Clint's career making moment came when he went to the CBS studio to pick up a friend. He was spotted by an executive who thought he had the right rough-and-tumble look for an upcoming western. "Are you an actor?," he asked, and for the next seven years Eastwood was Rowdy Yates on Rawhide, which spawned the catch phrase "Head 'em up, move 'em out."
The show made him a TV star, but the character bored Eastwood silly. He yearned to be a movie actor, not a TV star, but Hollywood moviemakers had little interest in a familiar face from TV. Frustrated, Eastwood accepted an offer from Italian movie maverick Sergio Leone, and began making low-budget westerns in Italy.

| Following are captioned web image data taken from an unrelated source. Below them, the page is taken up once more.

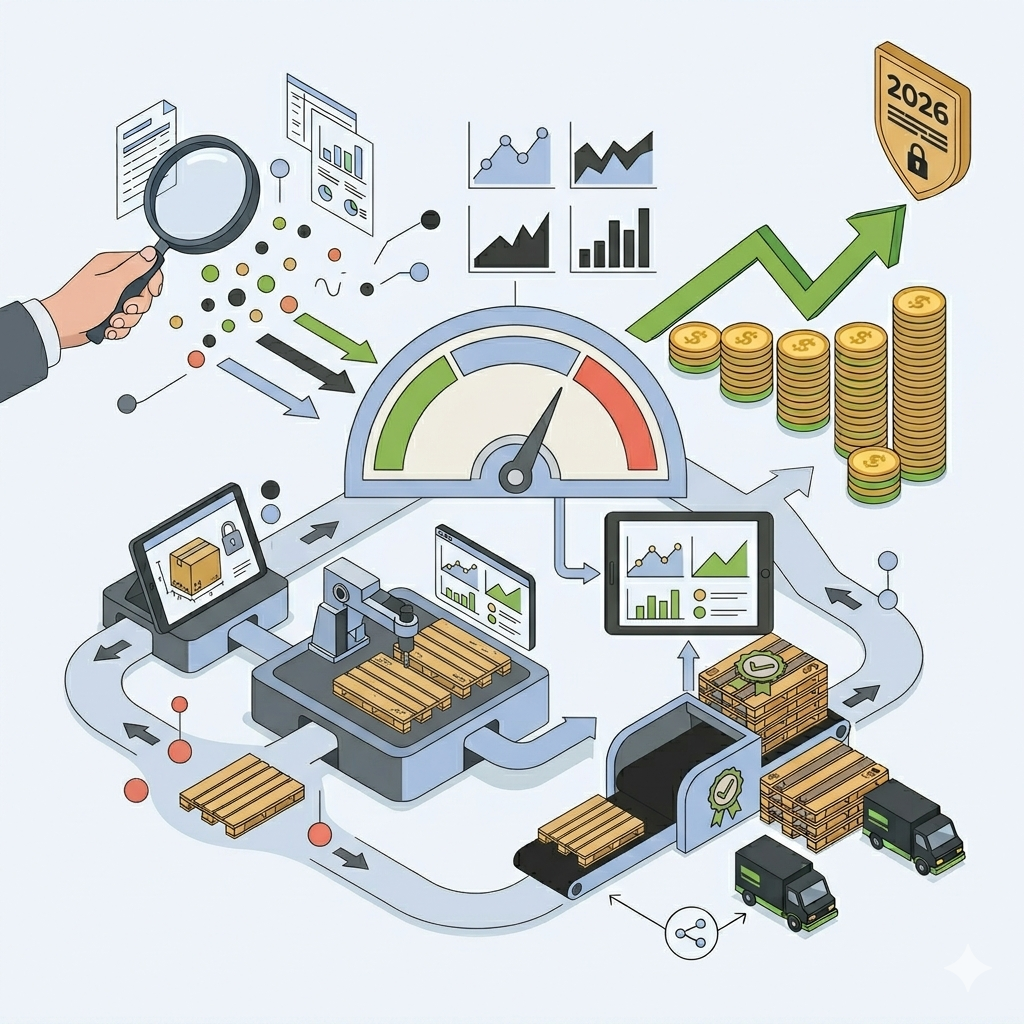 Illustration vectorielle minimaliste au format carré montrant comment l'utilisation de palettes Europe usagées et certifiées, intégrées dans un hub logistique automatisé à plusieurs niveaux (centre), optimise le coût de revient logistique d'ici 2026. Un drone d'audit analytique, des AGV et des drones de livraison illustrent l'innovation. La performance financière est symbolisée par une série de piliers de jalon de performance, chacun avec un graphique de rentabilité projeté, culminant avec un jalon '2026' discret, soulignant l'efficacité, la rentabilité et la qualité durable. Le style est épuré, utilisant la palette de couleurs stricte.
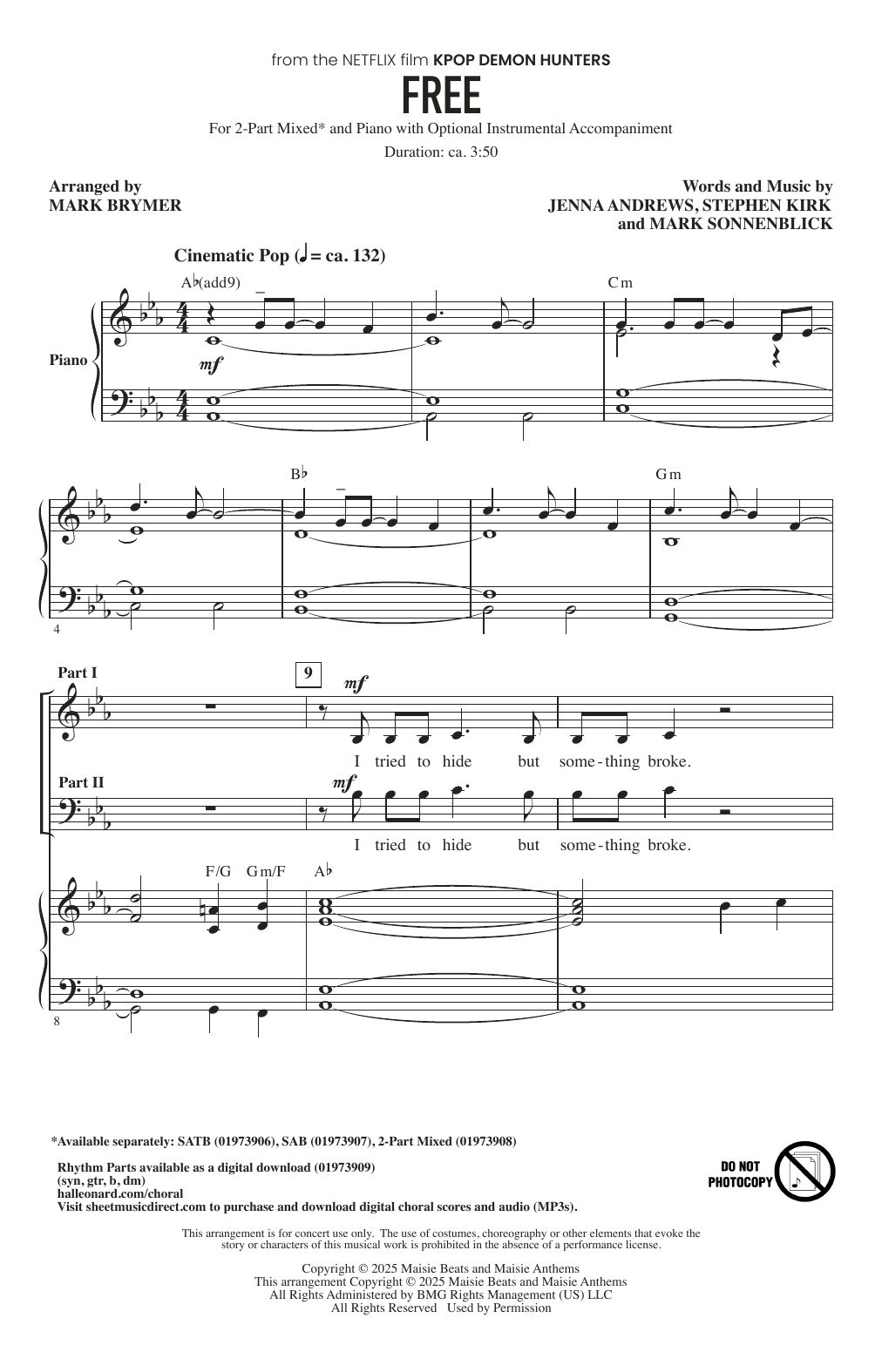 Produktgalerie: Seite 1 von 1 Free (from KPop Demon Hunters) (arr. Mark Brymer), Jenna Andrews, Stephen Kirk, and Mark Sonnenblick, Chor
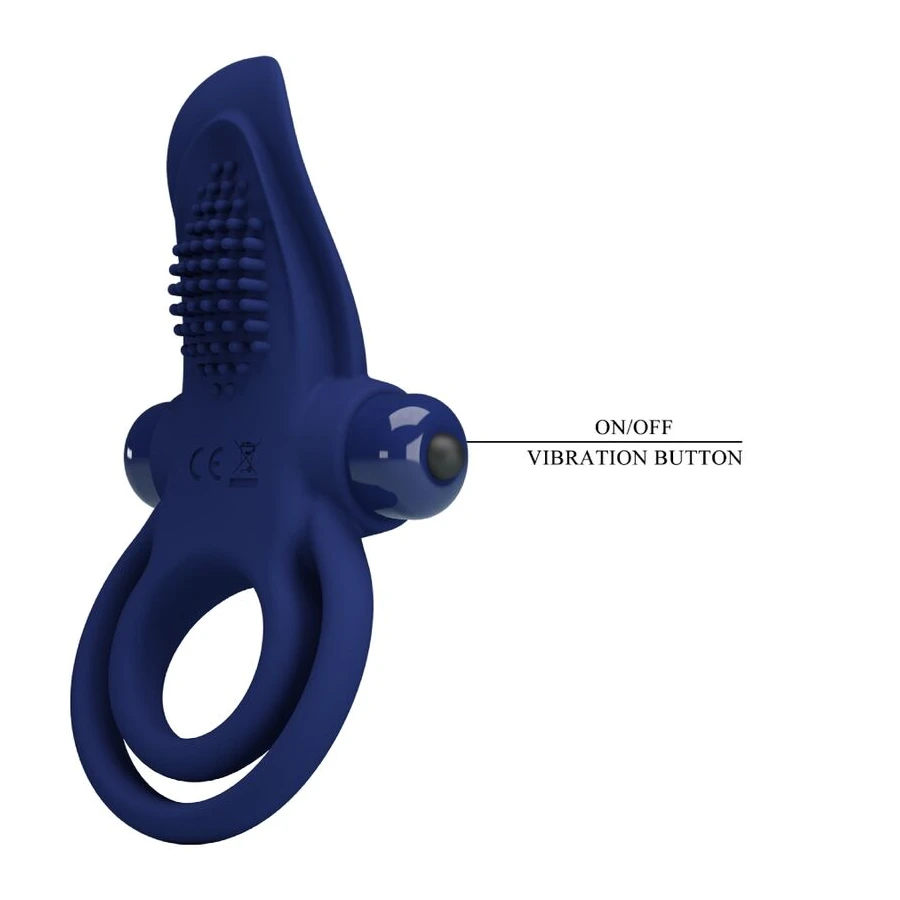 PRETTY LOVE - BRONSON DOPPELRING MIT VIBRATION BLAU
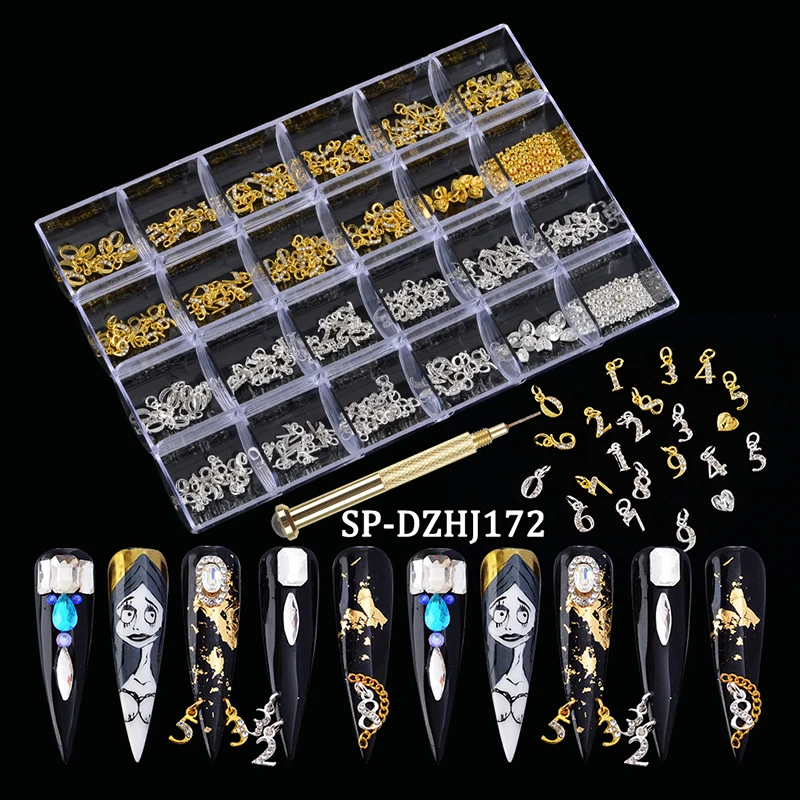

3D Metal Gold Silver Number Caviar Beads Dangle Nail Art Piercing Charms Jewelry, 4 style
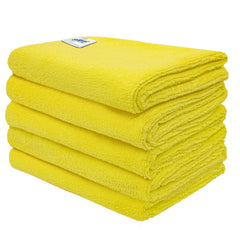 Softspun Microfiber Cloth 340gsm | Super Soft Absorbent Cleaning Towels Cleans & Polishes Everything In Your Home (Pack Of 5)- Yellow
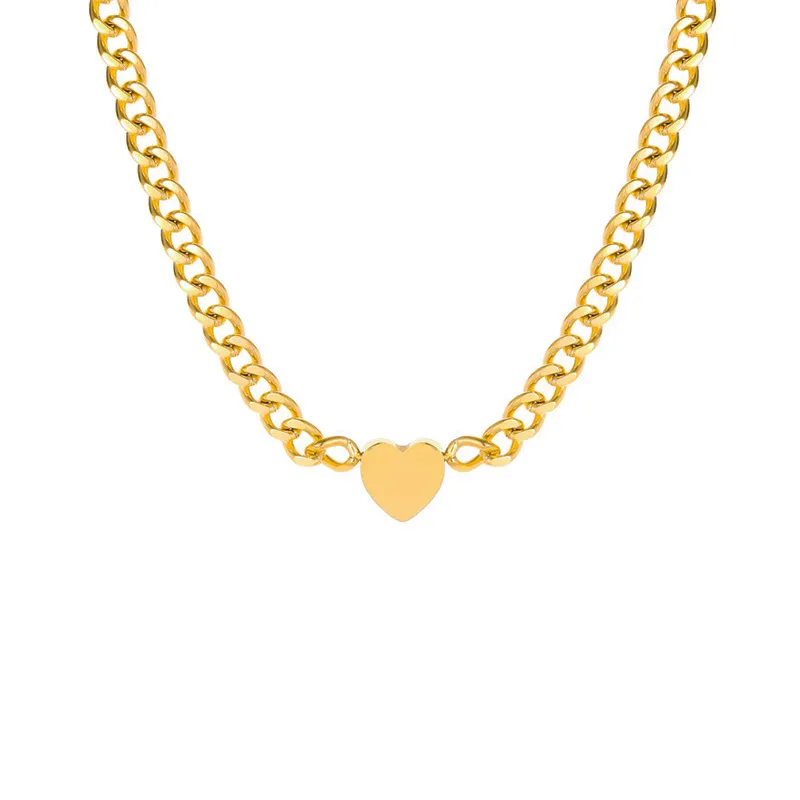 Non-tarnish 18k Gold Plated Necklace Mirror Polished 5mm Gold Miami Cuban Link Chain Heart Pendant Necklace For Women Girls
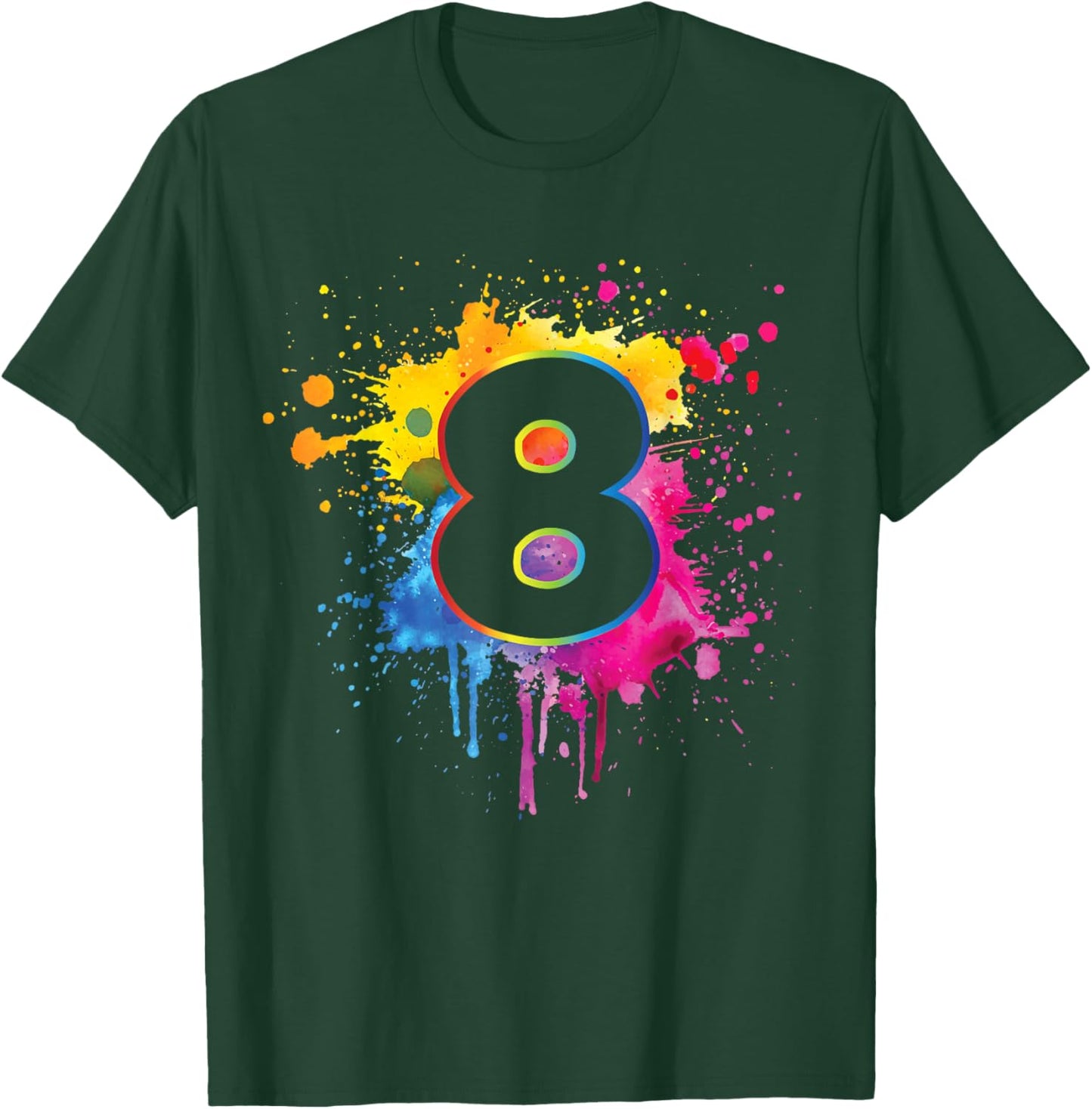 8th Birthday Colorful Paint Splashes 8 Year Old Girls Boys T-Shirt - T-Shirt | Forest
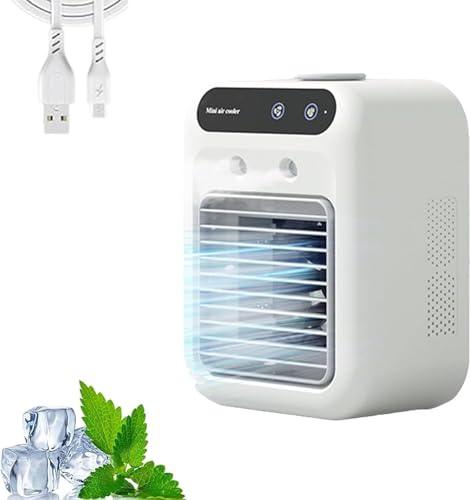 BMZZUOEBP Aire Acondicionado portatil Coche,Mini Aire Acondicionado, Mini Aire Acondicionado USB, Adecuado para Diferentes escenarios como Dormitorio, Oficina, automóvil y Viajes.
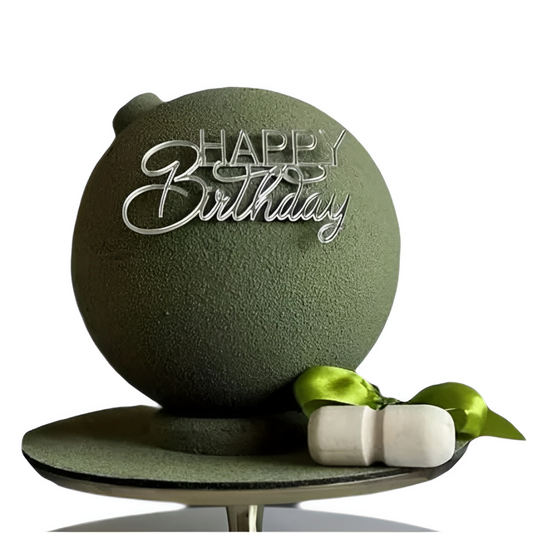 Topper Tort Acrilic Happy Birthday Argintiu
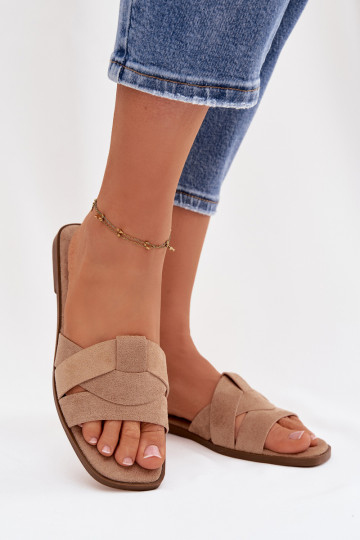 Čības Sieviešu dzīvoklis Ar svītrām Eko zamšādaoIne smilšu krāsas Florane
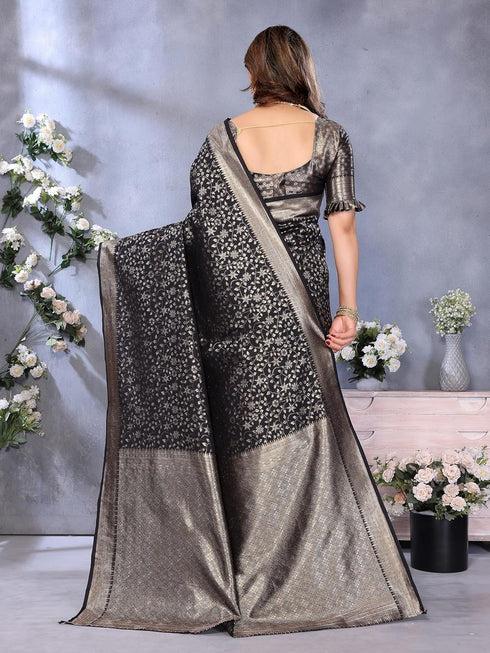 Vasthrlay Banarasi Unstitched Panther Black Free Ethnic Wear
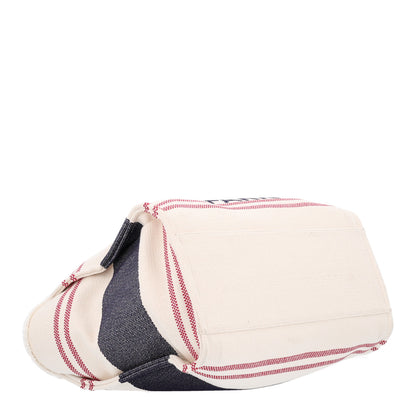 Chanel Striped Canvas Medium Deauville Tote Ecru Red Blue 4 of 10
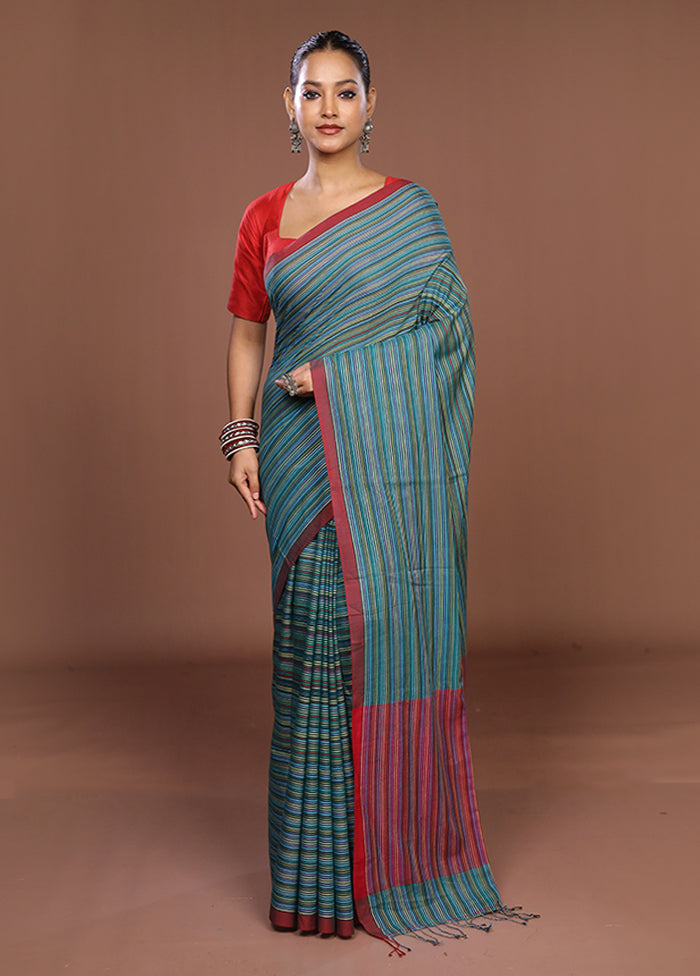 Multicolor Matka Silk Saree With Blouse Piece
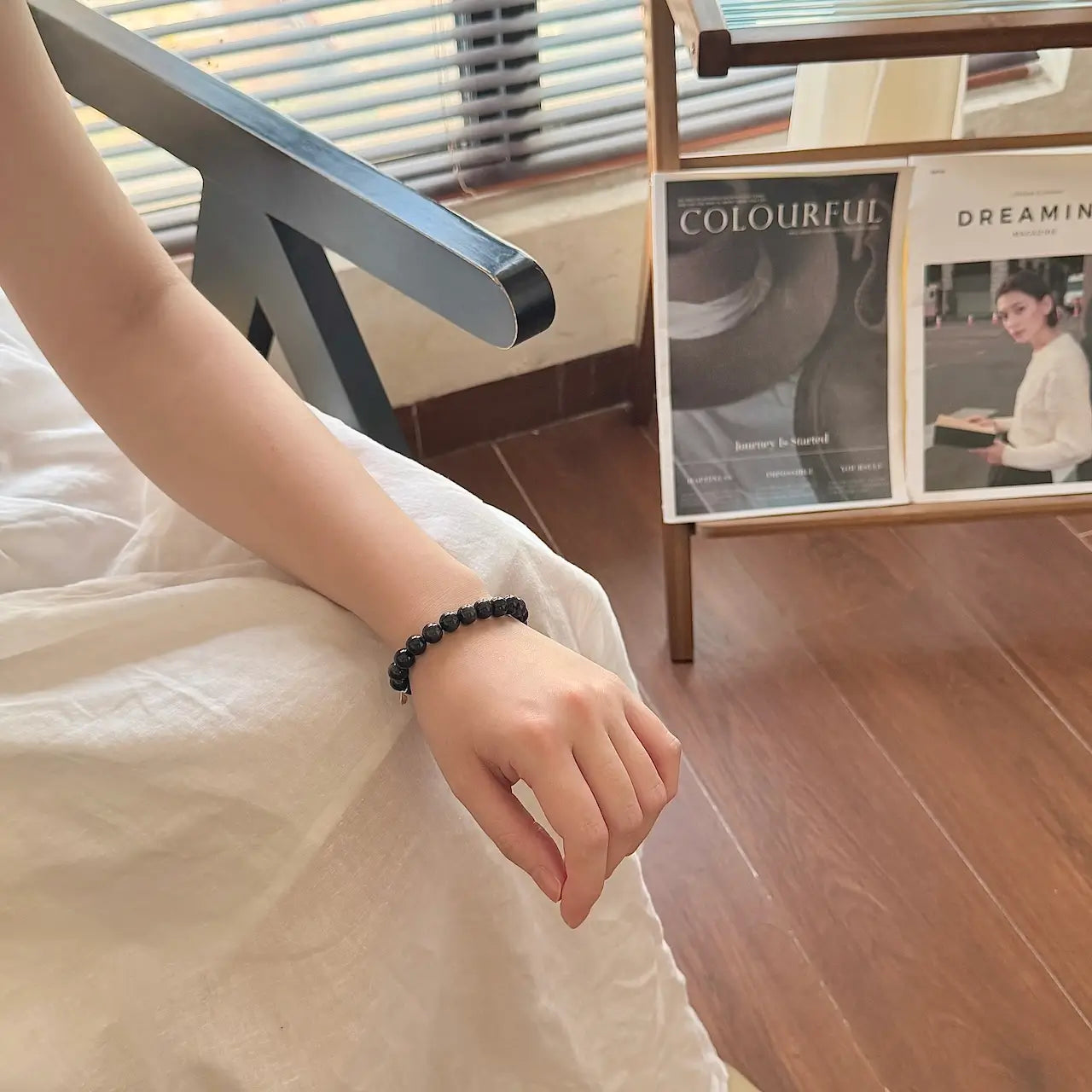 Black Obsidian Bracelet 8mm - Life Style Wearing | Touch Vintage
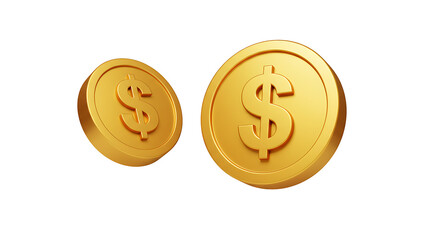 3d currency coin. golden dollar profit on investment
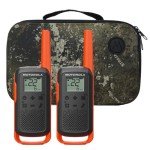 Motorola Solutions, Portable FRS, T275, Talkabout, Two-Way Radios, Rechargeable, 22 Channel, 25 Miles, Orange W/Black, 2 Pack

Eastwood's all-eyes acting was a perfect match with Leone's sparse but riveting dialogue, easy-to-translate plots, rich widescreen visuals, rousing music by Ennio Morricone, and intense close-ups that let audiences almost feel the sweat glistening on Eastwood's brow. His trio of films for Leone, A Fistful of Dollars (based on Akira Kurosawa's Yojimbo), For a Few Dollars More with Lee Van Cleef, and The Good, The Bad, and The Ugly with Van Cleef and Eli Wallach, were dismissed by snooty American critics as "spaghetti westerns," but these popcorn-muncher flicks made Eastwood one of the biggest movie stars in the world. And they're still popular rentals today.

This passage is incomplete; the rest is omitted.